Short days, long nights, chilly mornings – escape them all with a holiday break to undiscovered Brittany (that’s Brittany – not Britain!). While the UK is in chaos over Brexit, and the south of France groans under busloads of tourists; while Venice is too crowded to move, and Spain still hadn’t recovered from EU-driven austerity, the north-west of France just keeps on being its naturally scenic self. Gloriously rural and old-world (expect to spot fox families playing in fields of corn and tractors that look like they’ve come out of a museum), Brittany is the off-the-beaten-track lover’s finest French find.
We decided on a rental car as the best way to get around this delightfully quiet part of the country. Not only are the roads tame and the locals tolerant of tiki-touring tourists, but there are some sizable distances between main centres, and oh-so-many gorgeous little back roads winding down to tiny walled harbours and quaint seaside villages where buses just don’t go.
While larger cities may seem the natural place to base yourself for day trips, we encourage you to embrace Brittany as it really is – rural-at-heart – and book yourself a hotel room in one of the smaller centres such as Gourin just a short drive from forested Landes de Gascogne Regional Park. It’s in small towns like this that you’ll discover quaint Saturday morning markets stocked with spicy sausages and herbed cheeses, and get to know your local baker. The Bretons love chocolate so be sure to sample any of the buttery, choc-filled tarts you spy while buying your pain de campagne (country sough dough bread).

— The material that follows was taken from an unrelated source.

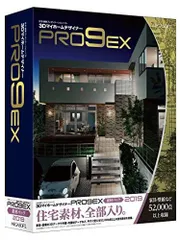 PRO9EX 3Dホームデザイナー ツインパック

During the day, explore the many little villages dotted around the countryside, all just a few kilometres from each other. Our favourite was Le Faouët with its historic covered market in the centre of the village and Gothic-architecture Sainte-Barbe chapel. While you travel the highways and byways, keep an eye out for the communal stone ovens which were once such a feature of these little hamlets and which now lie overgrown with moss.
A trip to the seaside is a must, and one of the prettiest towns to head for is Vannes where, amongst its stone harbour walls and half-timbered buildings, you are sure to find restaurants serving the famous Breton buckwheat crepes. Hearty wholemeal pancakes, they come topped with a range of savoury and sweet delicacies but one of the most well known is served with eggs and cheese. Wash your repast down with a local cider (and yes, it’s supposed to have that salty taste to it!).
When the small towns and villages have worked their magic, make for one of the larger centres such as Quimpere. Step out along the narrow streets and make your way to La place au Beurre (Butter Square) which was once the area occupied by nobility, and which boasts fine examples of historic architecture. And if you want to get up close to the traditions of Breton culture, pop in to the Breton Museum. There are some marvellous displays of the unusual headdress once worn by local women.
And finally, when you’ve had enough of the quiet life and want a taste of tourism, the famous Mont Saint Michel is just 2.5 hrs drive away. Reached by a causeway, the church-on-an island’s world fame will ensure you have all the company you want, but is still a must see while you’re in one of the loveliest regions of France.